**The task**
Check every line below for the word "Chevrolet" and show those that hold it.

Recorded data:

━━━━

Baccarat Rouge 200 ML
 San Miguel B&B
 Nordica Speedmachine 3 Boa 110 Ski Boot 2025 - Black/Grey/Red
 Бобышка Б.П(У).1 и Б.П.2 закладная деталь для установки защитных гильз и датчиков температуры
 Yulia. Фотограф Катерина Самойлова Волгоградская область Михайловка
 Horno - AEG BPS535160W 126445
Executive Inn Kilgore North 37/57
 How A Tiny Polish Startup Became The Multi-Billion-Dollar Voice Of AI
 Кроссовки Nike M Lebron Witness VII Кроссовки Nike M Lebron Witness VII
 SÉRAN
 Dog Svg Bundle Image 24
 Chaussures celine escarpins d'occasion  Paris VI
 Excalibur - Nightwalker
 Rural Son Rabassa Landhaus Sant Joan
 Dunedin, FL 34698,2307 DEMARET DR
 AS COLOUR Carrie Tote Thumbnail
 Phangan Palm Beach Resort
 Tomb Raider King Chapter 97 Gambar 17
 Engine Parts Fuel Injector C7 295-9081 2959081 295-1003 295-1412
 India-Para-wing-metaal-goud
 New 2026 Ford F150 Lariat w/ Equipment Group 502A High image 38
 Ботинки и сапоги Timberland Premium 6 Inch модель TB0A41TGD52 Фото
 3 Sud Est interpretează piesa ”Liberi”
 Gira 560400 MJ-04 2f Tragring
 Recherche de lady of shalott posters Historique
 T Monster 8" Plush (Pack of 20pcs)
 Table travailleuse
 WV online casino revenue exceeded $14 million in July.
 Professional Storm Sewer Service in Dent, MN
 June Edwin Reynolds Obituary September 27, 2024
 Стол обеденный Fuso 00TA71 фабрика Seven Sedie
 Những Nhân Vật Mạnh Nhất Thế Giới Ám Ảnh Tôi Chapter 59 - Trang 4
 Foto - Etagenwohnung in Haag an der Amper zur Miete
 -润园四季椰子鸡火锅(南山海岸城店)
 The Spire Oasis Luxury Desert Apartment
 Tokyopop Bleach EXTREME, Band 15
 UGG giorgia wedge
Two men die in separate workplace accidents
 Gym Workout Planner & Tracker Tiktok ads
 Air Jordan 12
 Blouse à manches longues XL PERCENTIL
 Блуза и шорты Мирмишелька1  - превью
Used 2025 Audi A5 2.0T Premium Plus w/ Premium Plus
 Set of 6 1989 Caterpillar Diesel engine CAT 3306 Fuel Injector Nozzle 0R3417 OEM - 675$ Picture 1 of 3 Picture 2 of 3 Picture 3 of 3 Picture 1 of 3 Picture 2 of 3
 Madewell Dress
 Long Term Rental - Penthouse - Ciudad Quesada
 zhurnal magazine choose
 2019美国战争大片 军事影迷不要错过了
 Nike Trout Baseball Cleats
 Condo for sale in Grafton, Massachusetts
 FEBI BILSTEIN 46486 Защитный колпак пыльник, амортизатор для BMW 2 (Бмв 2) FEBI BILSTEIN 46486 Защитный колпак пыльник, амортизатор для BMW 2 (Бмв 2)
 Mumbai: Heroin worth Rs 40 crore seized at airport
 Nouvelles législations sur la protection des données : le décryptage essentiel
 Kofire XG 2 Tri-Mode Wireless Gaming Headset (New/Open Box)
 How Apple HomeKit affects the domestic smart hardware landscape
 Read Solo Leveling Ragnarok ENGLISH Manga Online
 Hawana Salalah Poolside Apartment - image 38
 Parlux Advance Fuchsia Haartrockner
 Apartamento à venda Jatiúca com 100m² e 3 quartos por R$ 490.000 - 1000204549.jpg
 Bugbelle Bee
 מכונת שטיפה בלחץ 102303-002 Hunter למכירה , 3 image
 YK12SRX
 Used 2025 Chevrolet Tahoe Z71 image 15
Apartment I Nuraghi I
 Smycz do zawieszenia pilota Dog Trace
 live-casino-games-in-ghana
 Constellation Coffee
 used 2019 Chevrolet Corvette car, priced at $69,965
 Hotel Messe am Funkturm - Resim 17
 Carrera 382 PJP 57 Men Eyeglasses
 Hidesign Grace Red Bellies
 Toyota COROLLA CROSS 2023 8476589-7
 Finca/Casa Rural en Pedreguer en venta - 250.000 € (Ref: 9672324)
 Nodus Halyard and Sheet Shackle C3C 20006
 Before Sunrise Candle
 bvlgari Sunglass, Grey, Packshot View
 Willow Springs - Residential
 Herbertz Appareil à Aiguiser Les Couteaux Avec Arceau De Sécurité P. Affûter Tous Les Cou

━━━━

**Solved problem**
 Used 2025 Chevrolet Tahoe Z71 image 15
 used 2019 Chevrolet Corvette car, priced at $69,965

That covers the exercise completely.